§ **What you need to do**: Copy the records below in full, keeping each word as it is but omitting the pictures.

[[ Input records, beginning ]]

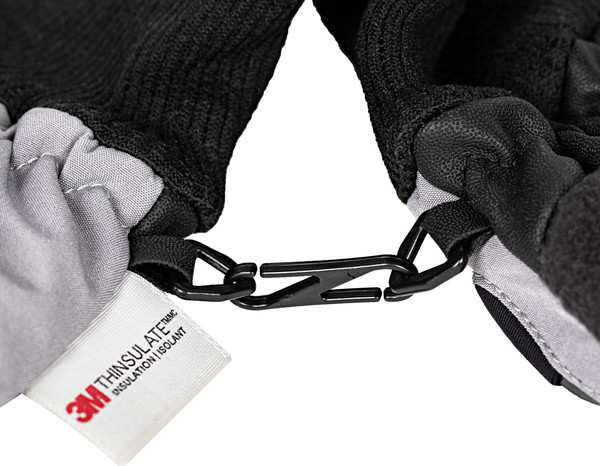 Изображение товара Перчатки лыжные White Owl 09-1549 / W112821 (S, серый/черный)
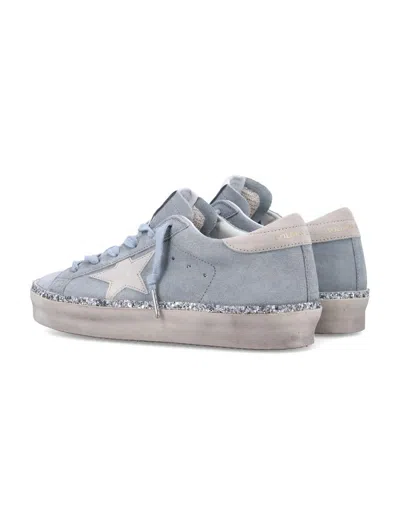 Golden Goose Leather Star Patch Sneakers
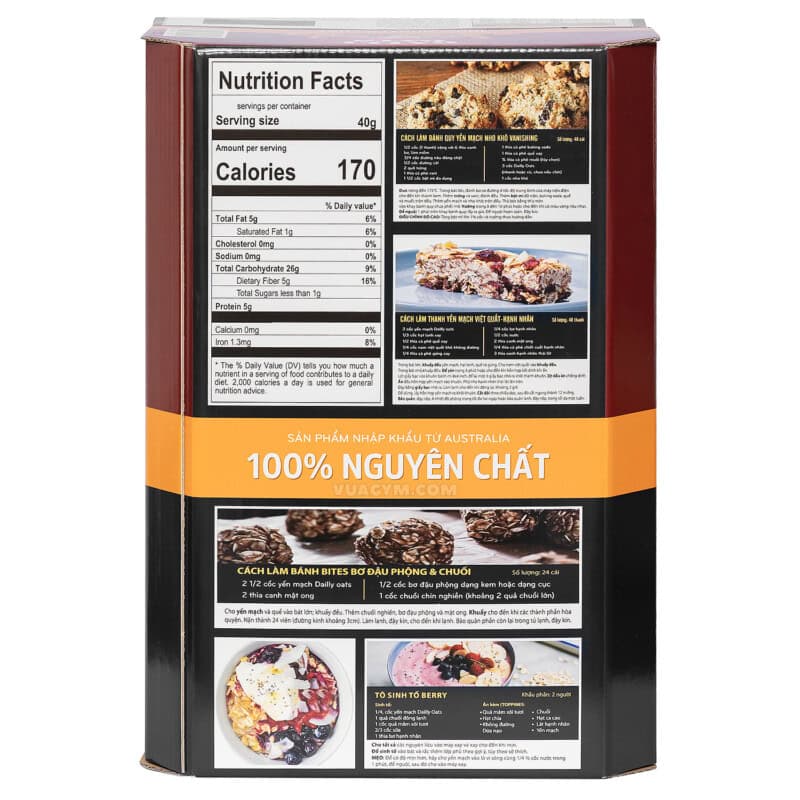 Ảnh sản phẩm Innovation - Daily Oats (Thùng 4.5 Kg) - 6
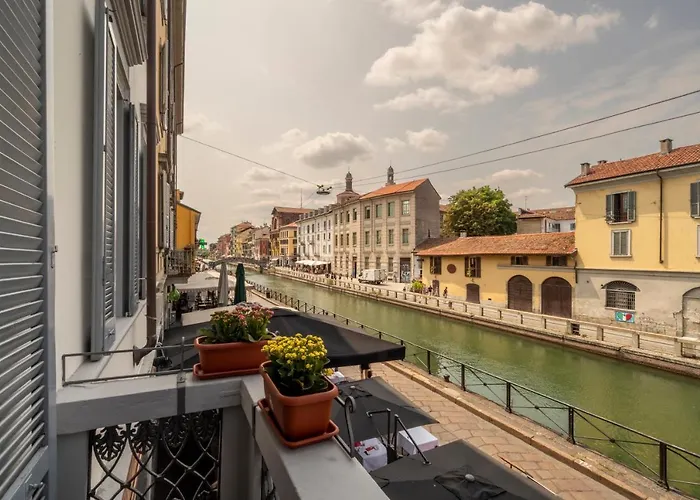 Joyful Naviglio Fortunato Apartman *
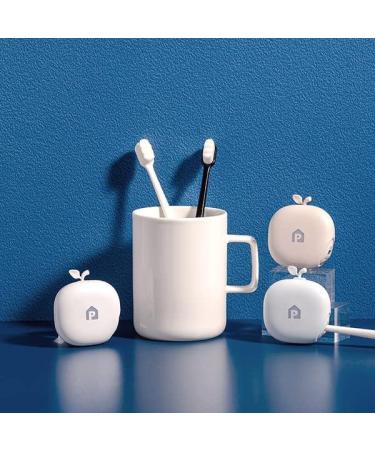 HuBDIC Toothbrush Sanitizer + Holder | UV-C/UV-A Dual LED Sterilizer for Home, Office, and Travel | USB Rechargeable | Automatic & Portable | White - Buy Online on GoSupps.com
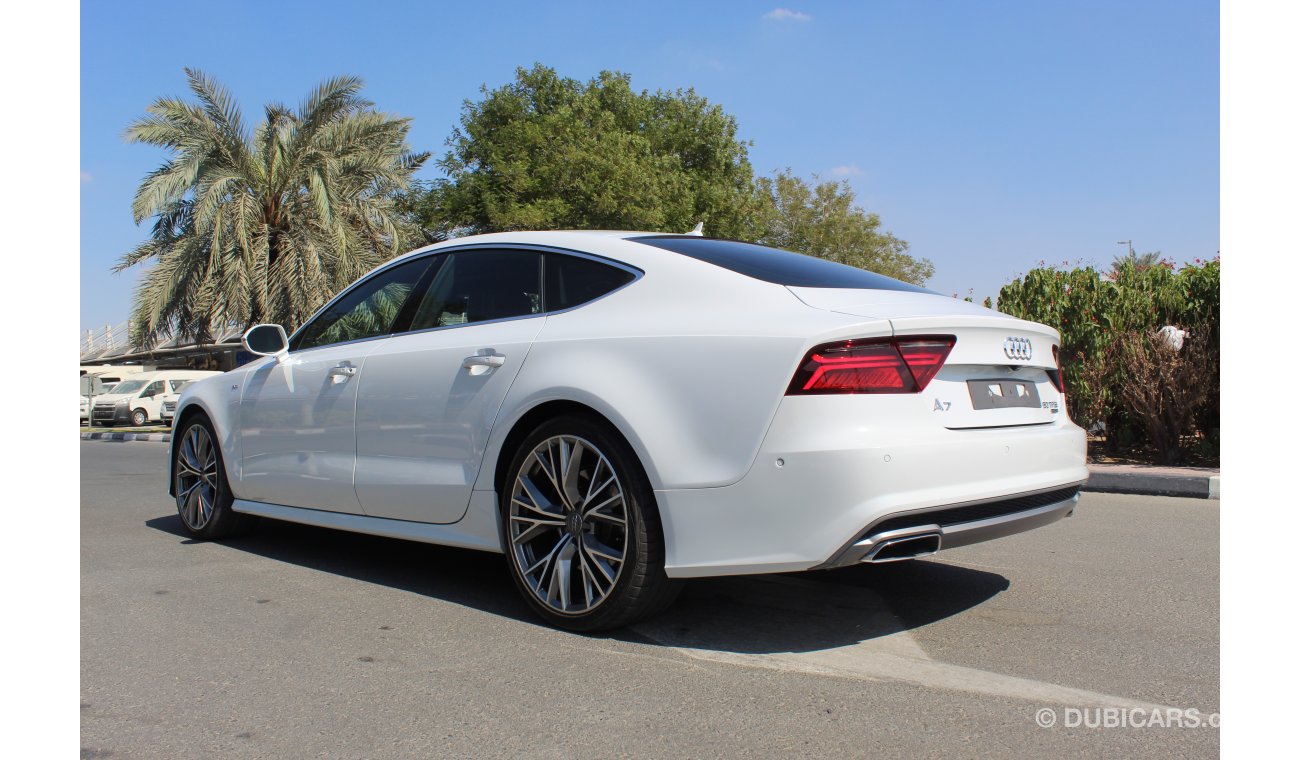 Audi A7 50 S LINE GCC SPECS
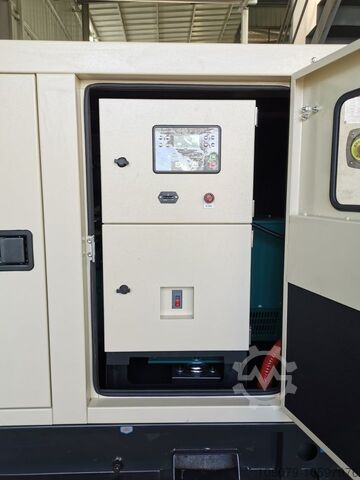 60kVA emergency generator Newpower Generator NWR75 Ricardo Notstromaggregat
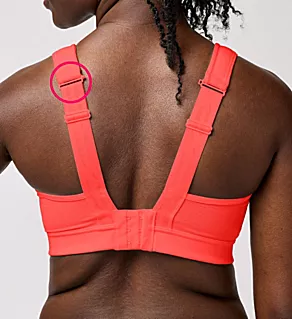 Convertible 2.0 Sports Bra Neo Cayenne 38DD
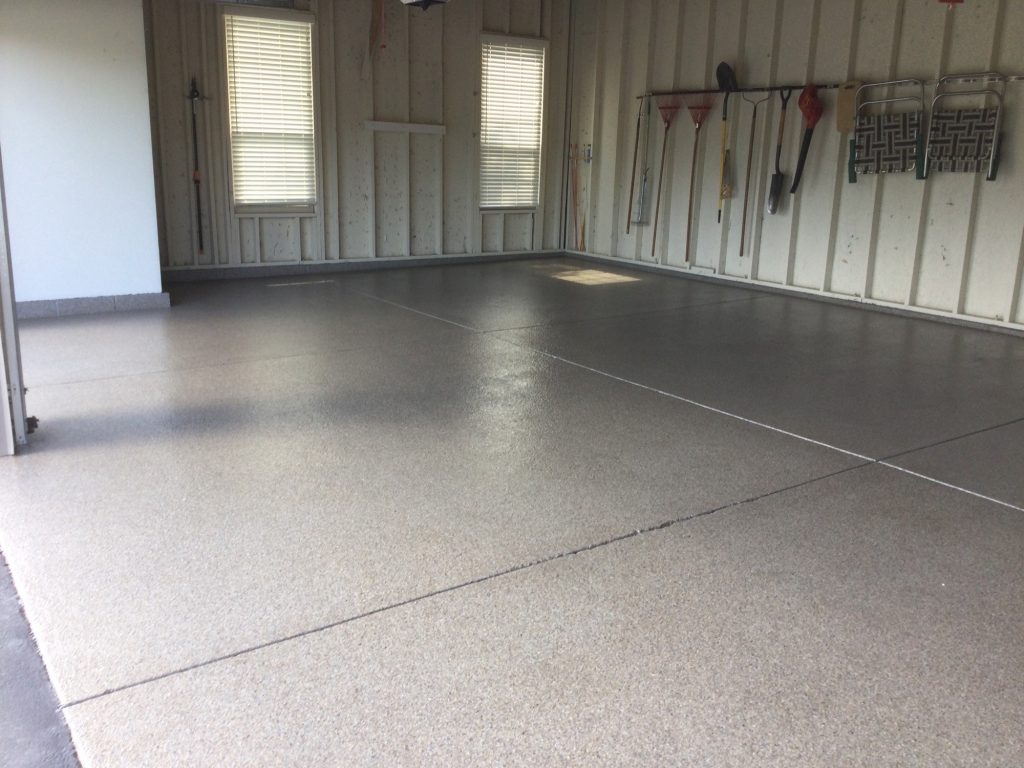 Garage Floor Refresh After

[[ Input records, end ]]

§ **Answer to the problem**:
 Изображение товара Перчатки лыжные White Owl 09-1549 / W112821 (S, серый/черный)
 Golden Goose Leather Star Patch Sneakers
 Ảnh sản phẩm Innovation - Daily Oats (Thùng 4.5 Kg) - 6
 Joyful Naviglio Fortunato Apartman *
 HuBDIC Toothbrush Sanitizer + Holder | UV-C/UV-A Dual LED Sterilizer for Home, Office, and Travel | USB Rechargeable | Automatic & Portable | White - Buy Online on GoSupps.com
 Audi A7 50 S LINE GCC SPECS
 60kVA emergency generator Newpower Generator NWR75 Ricardo Notstromaggregat
 Convertible 2.0 Sports Bra Neo Cayenne 38DD
 Garage Floor Refresh After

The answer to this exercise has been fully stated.